My umbrella popped open with the flick of the release button. I swung the umbrella skyward and began with a  up the hill toward the War Memorial Building. I arrived at the entrance noticing the long line awaiting entry. My hopes dashed for a moment as I realized I would probably be late.  I used to be late for everything. Why couldn't this be different? I squeezed through the first doorway only to realize there was not a long line, but just a couple of gentlemen in front of me. I passed through the security process and picked up my gait toward the information center to retrieve the TN's 109th session General Assembly. I needed to make sure he was in the same office as last year. I looked for a spot to stop and inspect my booklet.  Finding an open seat along the bustling hallway, I sat to verify my destination and take a breath. Ah, same place. I was close. I looked at my watch to discover I would not be late to this very important meeting. I sighed relief for a split second and my mind raced in anticipation of speaking with Rep. Jernigan again.

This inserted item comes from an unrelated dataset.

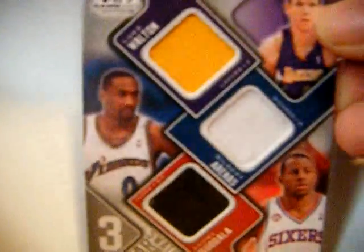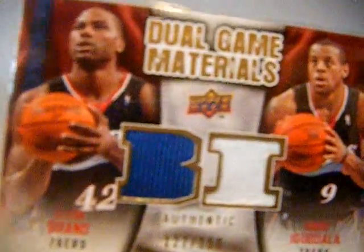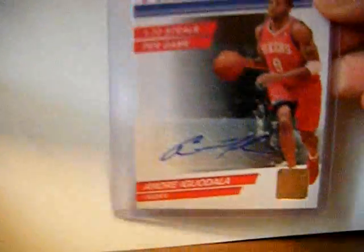From Upper Deck, a dual jersey numbered to 150 of Andre and Elton Brand.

When I could wait no longer, I entered suite 24. I was greeted by Rep. Jernigan's executive assistant with a familiarity nod and a smile.  I stepped toward her desk and she asked me if I knew who happen to be sitting directly ahead of me. Retired Senator Joe Haynes has come by to visit.  She wanted to take me over to speak with him.  I could hardly believe my eyes.  This man represented my bill in the Senate when I attempted this change to TN law in 1996. What are the odds?  Another mind blower. 
I reached out my hand to be enveloped by Senator Haynes' out stretched hands. I leaned in to be able to whisper and still be heard. 
"Do you remember who I am?" I asked.
He nodded and smiled with eyes sparkling behind his spectacles.  'Yes, I do.'  
I reminded him that I had said 'yes' when he asked me back then, would I come back and try again.
Quietly he responded, 'I knew you would'.